<<<<

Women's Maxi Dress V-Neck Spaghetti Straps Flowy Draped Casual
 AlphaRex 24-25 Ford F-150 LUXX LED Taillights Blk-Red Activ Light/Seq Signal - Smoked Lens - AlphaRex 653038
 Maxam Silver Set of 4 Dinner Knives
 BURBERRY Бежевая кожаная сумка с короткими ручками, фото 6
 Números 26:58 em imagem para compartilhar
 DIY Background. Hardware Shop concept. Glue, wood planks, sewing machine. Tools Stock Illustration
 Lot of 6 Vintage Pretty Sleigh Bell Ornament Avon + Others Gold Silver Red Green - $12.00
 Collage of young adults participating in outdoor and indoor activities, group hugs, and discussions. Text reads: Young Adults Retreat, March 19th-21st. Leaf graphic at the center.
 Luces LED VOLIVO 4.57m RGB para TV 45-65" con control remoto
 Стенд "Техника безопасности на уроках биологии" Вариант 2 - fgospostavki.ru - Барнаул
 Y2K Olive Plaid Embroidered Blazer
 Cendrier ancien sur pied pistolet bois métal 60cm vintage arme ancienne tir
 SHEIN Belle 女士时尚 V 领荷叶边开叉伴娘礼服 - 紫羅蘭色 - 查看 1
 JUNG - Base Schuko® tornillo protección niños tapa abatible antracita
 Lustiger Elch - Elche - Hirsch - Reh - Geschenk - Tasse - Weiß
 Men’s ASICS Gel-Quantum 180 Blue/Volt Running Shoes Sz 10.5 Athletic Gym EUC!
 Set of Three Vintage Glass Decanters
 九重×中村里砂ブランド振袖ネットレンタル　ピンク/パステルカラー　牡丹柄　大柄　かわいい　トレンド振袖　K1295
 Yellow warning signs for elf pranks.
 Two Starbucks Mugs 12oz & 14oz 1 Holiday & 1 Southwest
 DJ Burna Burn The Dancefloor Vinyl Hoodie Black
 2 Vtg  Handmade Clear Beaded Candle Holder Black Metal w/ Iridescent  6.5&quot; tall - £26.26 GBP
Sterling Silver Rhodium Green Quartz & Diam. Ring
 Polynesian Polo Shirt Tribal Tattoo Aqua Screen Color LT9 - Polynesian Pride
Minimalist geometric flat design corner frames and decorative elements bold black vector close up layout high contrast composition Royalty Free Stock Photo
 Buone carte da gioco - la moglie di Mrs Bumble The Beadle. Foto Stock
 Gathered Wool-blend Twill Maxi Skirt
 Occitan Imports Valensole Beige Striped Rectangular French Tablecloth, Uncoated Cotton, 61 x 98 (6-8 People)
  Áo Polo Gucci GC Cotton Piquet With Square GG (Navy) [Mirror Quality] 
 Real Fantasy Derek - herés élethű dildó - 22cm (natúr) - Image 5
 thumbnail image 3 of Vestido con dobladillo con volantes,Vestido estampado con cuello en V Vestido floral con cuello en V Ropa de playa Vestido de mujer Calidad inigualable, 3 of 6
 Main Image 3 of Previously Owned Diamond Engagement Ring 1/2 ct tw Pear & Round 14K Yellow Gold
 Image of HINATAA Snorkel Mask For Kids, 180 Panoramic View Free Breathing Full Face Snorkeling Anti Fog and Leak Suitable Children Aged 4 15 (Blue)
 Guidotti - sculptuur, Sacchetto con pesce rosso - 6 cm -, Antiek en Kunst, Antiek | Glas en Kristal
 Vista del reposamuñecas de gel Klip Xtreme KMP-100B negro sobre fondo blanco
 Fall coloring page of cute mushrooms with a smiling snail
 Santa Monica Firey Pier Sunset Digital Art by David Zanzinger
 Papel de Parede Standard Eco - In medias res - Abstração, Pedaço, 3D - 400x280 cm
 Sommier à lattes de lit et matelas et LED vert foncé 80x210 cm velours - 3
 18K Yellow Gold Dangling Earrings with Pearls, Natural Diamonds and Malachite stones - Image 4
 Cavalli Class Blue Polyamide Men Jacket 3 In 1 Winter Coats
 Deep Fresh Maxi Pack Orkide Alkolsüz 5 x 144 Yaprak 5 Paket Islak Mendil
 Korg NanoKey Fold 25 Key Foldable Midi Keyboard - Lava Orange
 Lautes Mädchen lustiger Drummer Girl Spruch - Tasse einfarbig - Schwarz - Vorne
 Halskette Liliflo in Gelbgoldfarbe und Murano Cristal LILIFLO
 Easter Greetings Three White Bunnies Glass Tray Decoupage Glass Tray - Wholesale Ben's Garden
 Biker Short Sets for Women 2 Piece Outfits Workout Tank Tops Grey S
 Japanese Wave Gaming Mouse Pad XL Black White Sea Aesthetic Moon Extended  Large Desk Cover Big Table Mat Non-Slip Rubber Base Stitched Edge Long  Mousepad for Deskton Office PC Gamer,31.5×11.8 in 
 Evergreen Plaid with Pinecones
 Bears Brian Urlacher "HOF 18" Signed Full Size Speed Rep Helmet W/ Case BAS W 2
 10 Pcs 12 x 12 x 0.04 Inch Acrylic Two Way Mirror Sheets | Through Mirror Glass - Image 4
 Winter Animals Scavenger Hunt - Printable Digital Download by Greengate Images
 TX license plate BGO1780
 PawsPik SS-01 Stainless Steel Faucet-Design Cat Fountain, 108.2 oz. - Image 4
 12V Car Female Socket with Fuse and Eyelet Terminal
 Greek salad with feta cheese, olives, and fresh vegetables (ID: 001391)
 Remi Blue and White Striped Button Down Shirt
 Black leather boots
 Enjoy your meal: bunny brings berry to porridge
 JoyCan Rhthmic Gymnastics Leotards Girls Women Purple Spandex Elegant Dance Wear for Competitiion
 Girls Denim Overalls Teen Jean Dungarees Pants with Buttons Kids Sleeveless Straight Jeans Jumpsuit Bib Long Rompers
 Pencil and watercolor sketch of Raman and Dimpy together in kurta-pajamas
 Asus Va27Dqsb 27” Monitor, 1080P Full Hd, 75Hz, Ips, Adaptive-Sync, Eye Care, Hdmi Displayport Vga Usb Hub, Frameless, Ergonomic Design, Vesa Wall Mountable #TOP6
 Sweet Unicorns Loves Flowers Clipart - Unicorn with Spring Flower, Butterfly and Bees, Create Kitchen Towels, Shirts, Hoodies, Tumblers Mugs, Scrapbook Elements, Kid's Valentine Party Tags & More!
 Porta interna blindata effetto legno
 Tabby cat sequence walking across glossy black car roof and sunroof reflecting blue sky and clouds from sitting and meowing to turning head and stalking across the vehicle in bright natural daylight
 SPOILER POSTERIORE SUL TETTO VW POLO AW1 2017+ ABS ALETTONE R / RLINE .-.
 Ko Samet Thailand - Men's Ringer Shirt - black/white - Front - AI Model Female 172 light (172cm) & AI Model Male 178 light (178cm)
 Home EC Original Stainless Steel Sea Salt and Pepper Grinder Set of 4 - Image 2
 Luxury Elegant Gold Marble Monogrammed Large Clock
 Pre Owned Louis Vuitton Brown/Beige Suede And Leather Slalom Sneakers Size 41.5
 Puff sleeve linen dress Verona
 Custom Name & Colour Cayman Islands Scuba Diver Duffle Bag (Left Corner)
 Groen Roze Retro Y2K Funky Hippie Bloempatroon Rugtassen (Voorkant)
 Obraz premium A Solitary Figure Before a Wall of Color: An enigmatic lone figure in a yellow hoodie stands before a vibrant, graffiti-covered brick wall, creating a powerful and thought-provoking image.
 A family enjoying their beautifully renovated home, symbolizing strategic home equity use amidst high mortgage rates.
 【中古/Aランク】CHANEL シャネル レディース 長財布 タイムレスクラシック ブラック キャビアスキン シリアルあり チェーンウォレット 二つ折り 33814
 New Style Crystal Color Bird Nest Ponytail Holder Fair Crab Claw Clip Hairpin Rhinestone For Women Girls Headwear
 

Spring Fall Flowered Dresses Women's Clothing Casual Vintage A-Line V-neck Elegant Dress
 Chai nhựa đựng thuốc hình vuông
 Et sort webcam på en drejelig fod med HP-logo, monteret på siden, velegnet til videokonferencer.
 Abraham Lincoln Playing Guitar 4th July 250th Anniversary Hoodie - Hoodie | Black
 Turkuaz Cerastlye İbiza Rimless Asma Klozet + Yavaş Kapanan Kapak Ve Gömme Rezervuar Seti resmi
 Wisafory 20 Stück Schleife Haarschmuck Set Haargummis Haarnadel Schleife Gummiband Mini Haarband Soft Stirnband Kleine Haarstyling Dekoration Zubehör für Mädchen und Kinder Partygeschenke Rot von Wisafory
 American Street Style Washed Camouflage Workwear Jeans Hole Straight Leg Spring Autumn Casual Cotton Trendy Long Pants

>>>>

*Task instructions*:
All that is wanted is an exact copy of the lines above from the one with "DIY Background. Hardware" through the one with "JUNG - Base", with both ends included.

*Written solution*:
 DIY Background. Hardware Shop concept. Glue, wood planks, sewing machine. Tools Stock Illustration
 Lot of 6 Vintage Pretty Sleigh Bell Ornament Avon + Others Gold Silver Red Green - $12.00
 Collage of young adults participating in outdoor and indoor activities, group hugs, and discussions. Text reads: Young Adults Retreat, March 19th-21st. Leaf graphic at the center.
 Luces LED VOLIVO 4.57m RGB para TV 45-65" con control remoto
 Стенд "Техника безопасности на уроках биологии" Вариант 2 - fgospostavki.ru - Барнаул
 Y2K Olive Plaid Embroidered Blazer
 Cendrier ancien sur pied pistolet bois métal 60cm vintage arme ancienne tir
 SHEIN Belle 女士时尚 V 领荷叶边开叉伴娘礼服 - 紫羅蘭色 - 查看 1
 JUNG - Base Schuko® tornillo protección niños tapa abatible antracita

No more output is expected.